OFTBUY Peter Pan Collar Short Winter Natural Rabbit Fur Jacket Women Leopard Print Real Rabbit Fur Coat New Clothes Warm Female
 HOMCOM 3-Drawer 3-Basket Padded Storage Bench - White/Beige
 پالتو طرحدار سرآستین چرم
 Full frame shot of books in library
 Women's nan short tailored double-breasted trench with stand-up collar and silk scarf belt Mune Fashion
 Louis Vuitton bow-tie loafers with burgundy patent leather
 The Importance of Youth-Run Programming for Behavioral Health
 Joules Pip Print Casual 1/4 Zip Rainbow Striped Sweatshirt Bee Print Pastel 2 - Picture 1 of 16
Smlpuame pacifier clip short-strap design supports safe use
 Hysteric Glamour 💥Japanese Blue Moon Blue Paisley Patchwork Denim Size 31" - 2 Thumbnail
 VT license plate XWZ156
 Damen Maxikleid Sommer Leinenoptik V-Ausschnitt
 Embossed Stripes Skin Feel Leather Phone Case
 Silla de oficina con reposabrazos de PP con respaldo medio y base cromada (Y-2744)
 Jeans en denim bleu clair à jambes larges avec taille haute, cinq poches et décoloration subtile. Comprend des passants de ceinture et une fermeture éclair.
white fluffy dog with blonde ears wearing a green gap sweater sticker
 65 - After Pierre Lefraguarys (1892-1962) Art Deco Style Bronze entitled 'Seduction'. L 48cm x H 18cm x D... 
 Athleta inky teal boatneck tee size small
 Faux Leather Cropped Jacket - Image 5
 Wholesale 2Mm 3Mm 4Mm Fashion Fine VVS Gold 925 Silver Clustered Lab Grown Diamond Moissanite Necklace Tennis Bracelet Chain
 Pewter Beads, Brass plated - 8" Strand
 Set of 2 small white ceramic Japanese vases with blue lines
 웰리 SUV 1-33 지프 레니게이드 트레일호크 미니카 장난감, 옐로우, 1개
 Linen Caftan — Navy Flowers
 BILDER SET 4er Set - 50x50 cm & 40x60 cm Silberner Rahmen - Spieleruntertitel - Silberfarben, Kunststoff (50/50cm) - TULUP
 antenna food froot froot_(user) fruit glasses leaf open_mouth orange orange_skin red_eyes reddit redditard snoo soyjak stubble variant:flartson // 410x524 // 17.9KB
---+---
Gather every line from the listing above in which "Print" appears, and copy those lines.

OFTBUY Peter Pan Collar Short Winter Natural Rabbit Fur Jacket Women Leopard Print Real Rabbit Fur Coat New Clothes Warm Female
 Joules Pip Print Casual 1/4 Zip Rainbow Striped Sweatshirt Bee Print Pastel 2 - Picture 1 of 16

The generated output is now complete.